1.   lyrisch bn. 'bevlogen, enthousiast'
categorie:
leenwoord
Nnl. lyrisch 'gevoelvol, hartstochtelijk' [1832; Weiland], 'bevlogen, met gevoelvolle stijl' in lyrische poëzy [1862; WNT uitnemendheid], Mms.

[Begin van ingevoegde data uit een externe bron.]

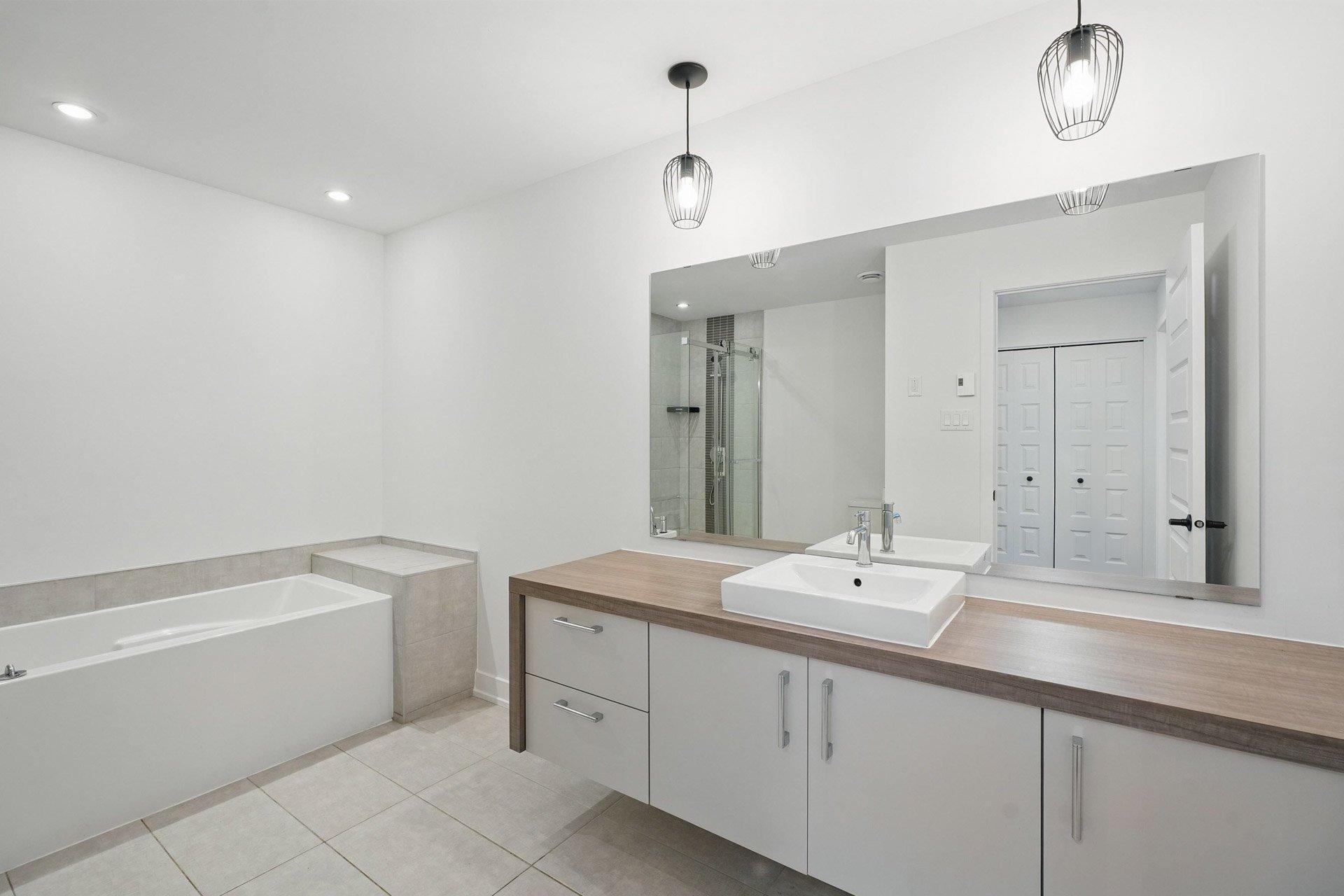









185


Rue Nancy-Elliott

, 3,
Gatineau (Aylmer),




QC
J9H0K3


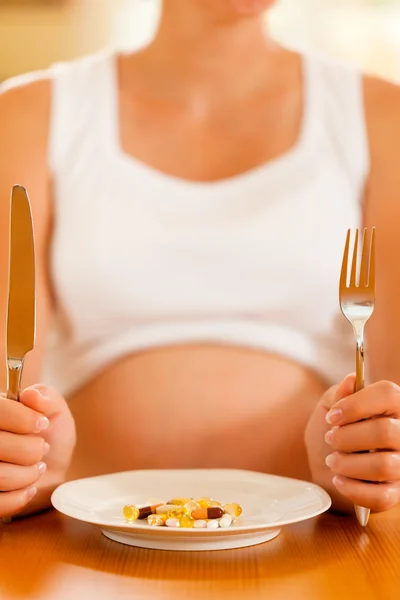 Femme enceinte avec une assiette Femme enceinte avec une assiette — Photo
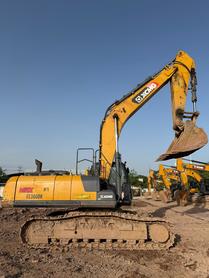 Buy XCMG XE380DK Used Excavator / 5 Buy XCMG XE380DK Used Excavator / 5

Roland werd lyrisch, toen ... [1912; NRC].
Ontleend aan Duits lyrisch 'bevlogen, gevoelvol, betreffende zekere poëzie' [1751; Grimm], dat via Frans lyrique 'betreffende bepaalde poëzie' [1550; TLF], eerder al 'betreffende de lierpoëzie in de oudheid' [1495; TLF], ontleend is aan Latijn lyricus 'voor de lier, betreffende de lier', ontleend aan Grieks lurikós 'id.', afleiding van lúrā 'lier', zie lier.

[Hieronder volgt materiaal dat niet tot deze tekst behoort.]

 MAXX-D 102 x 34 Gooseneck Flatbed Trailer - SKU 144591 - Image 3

Het uitsluitend BN begrip lyrische kunst '(de kunst van) het opera zingen' is een leenvertaling van Frans art lyrique 'id.'.

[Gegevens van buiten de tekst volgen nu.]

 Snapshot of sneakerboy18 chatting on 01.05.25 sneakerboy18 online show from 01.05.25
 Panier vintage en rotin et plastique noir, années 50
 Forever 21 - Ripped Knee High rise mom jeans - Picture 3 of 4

lyriek znw. 'gevoelvolle dichtsoort'. Nnl. lyriek is de woordkunst, die noch verhaalt, noch onderwijst, maar die uitroept, die zegt [1884; WNT woordkunst]. Ontleend aan Duits Lyrik 'lyrische dichtkunst' [19e eeuw; Kluge], ontleend aan Frans (poésie) lyrique 'id.'.